Mais attendu, de première part, que la Cour d'appel n'a pas constaté que le contrat prévoyant la clause de compétence avait été annulé par le jugement ukrainien du 17 août 2007, mais a retenu que les dispositions concernant l'autorité parentale et les visites de la mère ont été, en l'absence de celle-ci, toutes annulées par le jugement du 17 août 2007 du tribunal de Dnipropetrovsk ;

Attendu, de deuxième part, que la Cour d'appel n'a pas énoncé que la clause attributive de juridiction convenue par les parties était contraire à la loi monégasque en tant qu'elle faisait obstacle à une compétence exclusive, mais, après avoir rappelé la compétence exclusive de la juridiction tutélaire comme règle de droit interne monégasque destinée seulement à régler les conflits de compétence au sein de la Principauté, a retenu que, sur le plan international, la Convention de La Haye, ratifiée tant par Monaco que par l'Ukraine, lui permettait de rejeter l'exception d'incompétence soulevée par M. S. ;

Attendu, enfin, que l'arrêt retient, par une motivation non critiquée, que, sur le plan international, la Convention de La Haye lui donnait la faculté de retenir la compétence du juge tutélaire monégasque en lieu et place du juge ukrainien choisi par les parties, dès lors que l'intérêt des enfants justifiait cette compétence, cet intérêt tenant à des raisons pratiques évidentes, à savoir la nécessité de faire effectuer des enquêtes psychologiques et sociales dans leur environnement familial, scolaire et social actuel ;

D'où il suit qu'abstraction faite du motif erroné mais surabondant critiqué dans la première branche, la Cour d'appel a légalement justifié sa décision ;

Sur la demande de paiement de la somme de 10.000 euros pour procédure abusive, présentée par Mme L. :

Attendu qu'en formant un pourvoi en cassation, M. S. n'a fait qu'user normalement d'une voie de droit qui lui est reconnue par la loi ; qu'il n'y a donc pas lieu d'accueillir la demande de Mme L. ;

Dispositif🔗

PAR CES MOTIFS,

– Rejette le pourvoi ;

– Rejette la demande de paiement de la somme de 10.000 euros présentée par Mme L. ;

– Condamne M. S. à une amende de 300 euros, ainsi qu'aux dépens dont distraction au profit de Maître Christine PASQUIER-CIULLA, avocat défenseur, sous sa due affirmation.

Composition🔗

Ainsi délibéré et jugé le vingt-cinq novembre deux mille dix, par la Cour de Révision de la Principauté de Monaco, composée de Monsieur Jean APOLLIS, Premier-Président, Commandeur de l'Ordre de Saint-Charles, Monsieur Jean-Pierre DUMAS, rapporteur, Madame Cécile PETIT et Monsieur Guy JOLY, Conseillers.

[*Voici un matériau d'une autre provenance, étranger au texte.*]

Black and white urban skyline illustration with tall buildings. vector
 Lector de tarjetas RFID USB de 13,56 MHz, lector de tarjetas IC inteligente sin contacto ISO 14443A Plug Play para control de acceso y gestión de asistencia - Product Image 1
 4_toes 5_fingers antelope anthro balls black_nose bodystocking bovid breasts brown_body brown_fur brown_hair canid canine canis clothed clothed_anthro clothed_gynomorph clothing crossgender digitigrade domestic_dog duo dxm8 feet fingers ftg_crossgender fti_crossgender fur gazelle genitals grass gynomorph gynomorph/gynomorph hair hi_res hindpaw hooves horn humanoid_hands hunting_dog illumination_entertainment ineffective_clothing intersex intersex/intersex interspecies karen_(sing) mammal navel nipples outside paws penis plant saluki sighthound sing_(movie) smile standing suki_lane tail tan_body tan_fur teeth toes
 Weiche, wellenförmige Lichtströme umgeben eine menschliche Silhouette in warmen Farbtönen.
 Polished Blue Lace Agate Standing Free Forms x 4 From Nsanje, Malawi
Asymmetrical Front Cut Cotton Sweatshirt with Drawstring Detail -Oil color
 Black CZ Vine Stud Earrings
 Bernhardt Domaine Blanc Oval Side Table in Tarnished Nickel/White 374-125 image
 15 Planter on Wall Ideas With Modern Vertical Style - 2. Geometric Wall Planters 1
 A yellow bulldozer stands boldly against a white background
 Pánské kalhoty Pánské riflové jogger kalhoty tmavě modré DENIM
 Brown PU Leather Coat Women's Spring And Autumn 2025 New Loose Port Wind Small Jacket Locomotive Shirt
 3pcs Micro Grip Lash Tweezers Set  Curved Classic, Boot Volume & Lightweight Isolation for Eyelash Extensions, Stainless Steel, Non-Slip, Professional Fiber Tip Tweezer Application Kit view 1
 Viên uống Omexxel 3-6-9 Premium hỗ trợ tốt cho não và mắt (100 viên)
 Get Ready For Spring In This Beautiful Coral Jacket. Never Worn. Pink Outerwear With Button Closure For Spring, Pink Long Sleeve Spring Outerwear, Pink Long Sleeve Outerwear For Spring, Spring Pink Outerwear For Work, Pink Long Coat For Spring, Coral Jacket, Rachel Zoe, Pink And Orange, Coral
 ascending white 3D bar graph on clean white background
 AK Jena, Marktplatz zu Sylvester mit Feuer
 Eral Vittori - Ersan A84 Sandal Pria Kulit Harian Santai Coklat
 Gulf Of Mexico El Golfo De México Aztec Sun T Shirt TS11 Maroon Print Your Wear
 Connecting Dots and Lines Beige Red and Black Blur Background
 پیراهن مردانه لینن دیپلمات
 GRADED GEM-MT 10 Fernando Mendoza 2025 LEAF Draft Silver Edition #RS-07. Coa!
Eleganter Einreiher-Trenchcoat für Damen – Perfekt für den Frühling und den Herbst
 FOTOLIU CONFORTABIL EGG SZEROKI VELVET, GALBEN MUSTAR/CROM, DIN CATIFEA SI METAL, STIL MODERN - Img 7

Et Monsieur Jean APOLLIS, Premier Président, a signé avec Madame Béatrice BARDY, Greffier en Chef.-

Le Greffier en Chef, le Premier Président.

Note🔗

Cet arrêt rejette le pourvoi formé contre l'arrêt rendu le 9 mars 2010 par la Cour d'appel statuant en chambre du Conseil sur appel d'une ordonnance du juge tutélaire.